わたしは監督の2作前の「愛の小さな歴史」から監督に陶酔しきっておりまして、
長編、中編共にソフト化されてるものは全部見てますし、
ご縁があって神戸で出会った後、ちょくちょくと連絡を取ったり
東京では飲みに連れていただいたこともあるくらいよくしていただいてて。
色々と冷静さを失った部分はあるかと思いますが、本当に傑作でした。
普段映画を人に勧めたりしないけど、とりあえず「この人なら見に行ってくれそう」
って人10人くらいにLINEで「今すぐ四月の永い夢を見にいくように!」と突然連絡したほどです。
そして今もこうやって文章を書いている。
本当に気持ち悪いと思います。
せっかくなので中川監督のファンらしく、
「四月の永い夢」の良さを「走れ、絶望に追いつかれない速さ」を比較対象に出して
文章を紡いでいこうと思います。
前提としてこの2作には共通したテーマがあります。
それは”大事な人の死”
これは監督自身、学生時代の親友を亡くしたという経験から来たもの。
前作「走れ、絶望に追いつかれない速さで」は主演太賀くんを通して、自分自身の内向きでギザギザした葛藤や悔恨といった感情を“解放”する物語だったとわたしは感じています。
それでは今作「四月の長い夢」ではどうだったでしょうか。
それに対してわたしの答え。
「四月の永い夢」は”肯定”の物語だと思います
無理に忘れなくても、乗り越えようとしなくてもいいんだよ、って。
言ってくれてるような気がしました
「走れ」は自分自身の名前をつけることすらできない
葛藤やもどかしさといった感情に気づくこと=内向きのお話、に対して
「四月の永い夢」はそんな自分を認めてくれる人がいること、それに気づくことで
自分自身を見つけること=外へ向いたお話なんじゃないかなあ。
もちろん「走れ」でも第三者の介在はあるんだけど、
結構その部分はないがしろになってる感があって。
今回の「四月の永い夢」に出てくる染物工場で働く青年や、元教え子、元恋人のお母さんなんかは
ちゃんと主人公に向き合ってくれてて、ちゃんとそれに主人公が応えようとしている。
「走れ」の主人公に投影する荒々しいまでの衝動が監督自身の若さ故だとすれば、
「四月の永い夢」の主人公に対する監督の目線は引きのロングショットではあるんだけど優しいんですよね。もはや円熟の域というか。笑
こう前作と今作を比べて見るとやはりこの2作は対になってると思ってて。
どっちが好きかと言われると人によって結構分かれると思うんですよね。
わたしは「走れ」も劇場で3回見てるほど好きだけど「四月の永い夢」の方がもっと好きです。

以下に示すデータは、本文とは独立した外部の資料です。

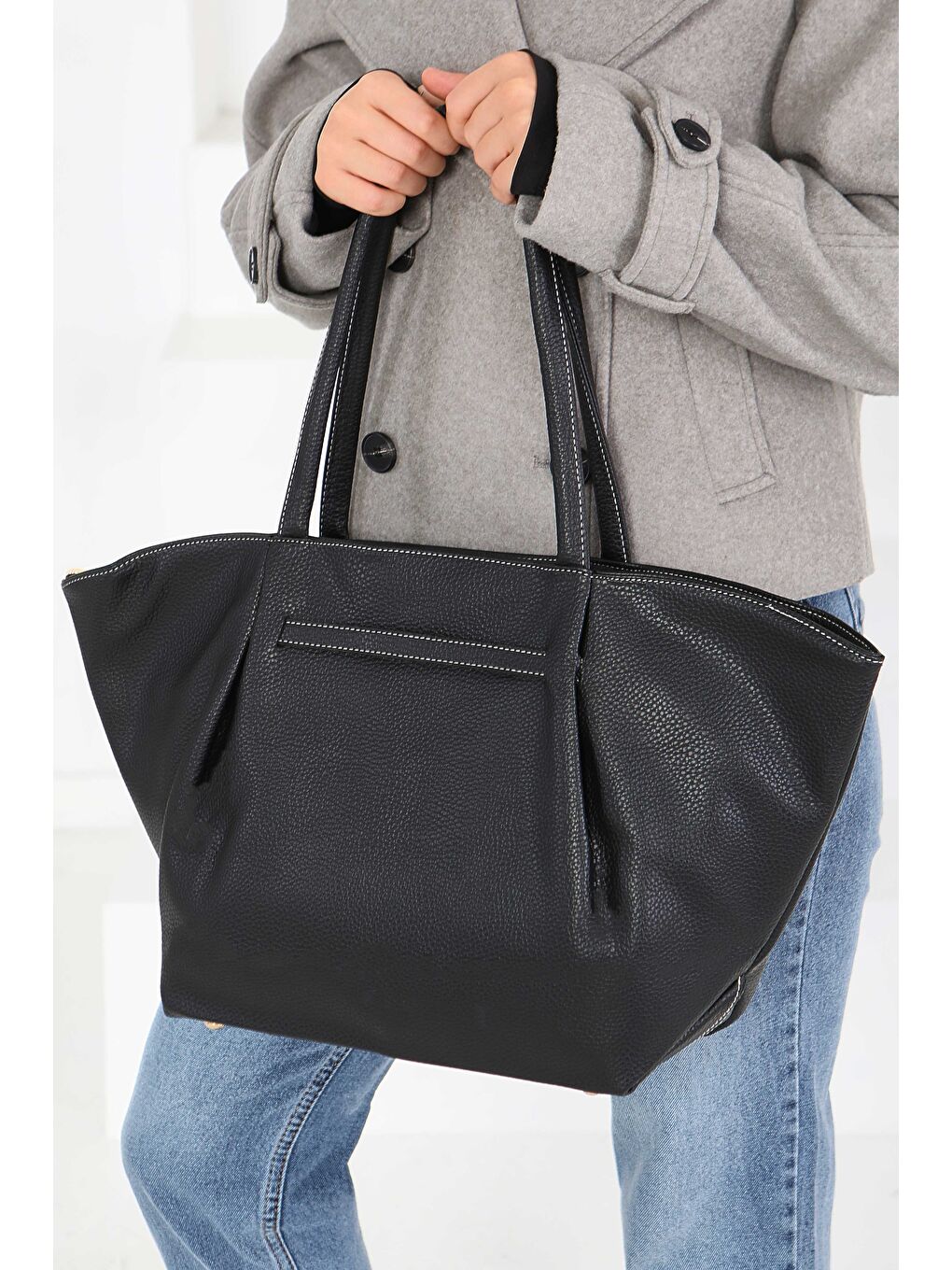 Kadın Siyah Geniş Suni Deri Omuz Çantası - 27844-SIYAH-3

ネタバレになるからあんまり言えないけど90分超の上映時間で4回泣きました。
もうどうしようかって感じです。
割とすぐ泣く方だけど、ファーストカットで涙腺震えてちょっと自分で笑っちゃいました。
なんだろう。
人生は失っていくもの、だなんてそんな年寄りくさいこと、
この歳で言いたくないよな。まだ24歳だし。
でもそのセリフがすごい響いたのは事実で。
失敗続きでどうしようもなく雁字搦めで辛い日々が続いて来たけど
それでもいっか、って笑って空を見上げれそう、明日は。
見終わって家に帰るとき思いました。
そんな生き方も悪くないのかもな、
この映画が肯定してくれる気がした。